Hoover Chamber Learns About Main Street Alabama

Alabama Main Street President Mary Helmer (left) with April Stone, Executive Director of the Hoover Area Chamber of Commerce. (Photo by Michael Brooks/Special to the Reporter.)

By Michael J. Brooks/Special to the Reporter

Main Street Alabama President Mary Helmer said her goal is to bring “downtown back to life.”

Helmer was guest presenter for the Hoover Area Chamber of Commerce luncheon on June 20. She noted it’s a new day for downtown and historic districts throughout the state.

“As this group knows, retail is changing,” she said. “The stats say that 500 malls are closing every year. But the downtown areas ‘tug at our heart strings’ and have an appeal.
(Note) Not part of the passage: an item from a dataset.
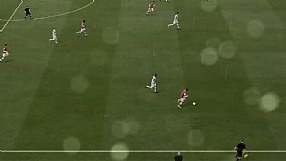 FIFA 13 kontra - kontra skrzydłem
We find that revitalized areas can produce 30 percent more jobs and increase the tax base 40 percent.”

Helmer, who came to her present position in 2013, said Americans now find “lifestyle centers” more appealing than malls.

“We called this ‘urban renewal’ 40 years ago but revitalization is a newer concept,” she said.

Among the newest cooperating communities are Enterprise, Headland, Calera and the Fourth Avenue section of Birmingham.

Helmer explained several steps in the Main Street program.

“The first step is organization and fundraising,” she said. “We have to get on the same page and sing the same song. This involves building relationships and learning to work together. Montevallo has been in our program for four years and they’d done a great job of working together to make downtown more inviting.”

Helmer explained that Main Street is supported by the business community. Parent organizations pay $7,500 for the first year, $5,000 for the second year, $3,000 for the third year and an annual fee of $1,500 thereafter.

“These fees help us evaluate, design and plan,” she said.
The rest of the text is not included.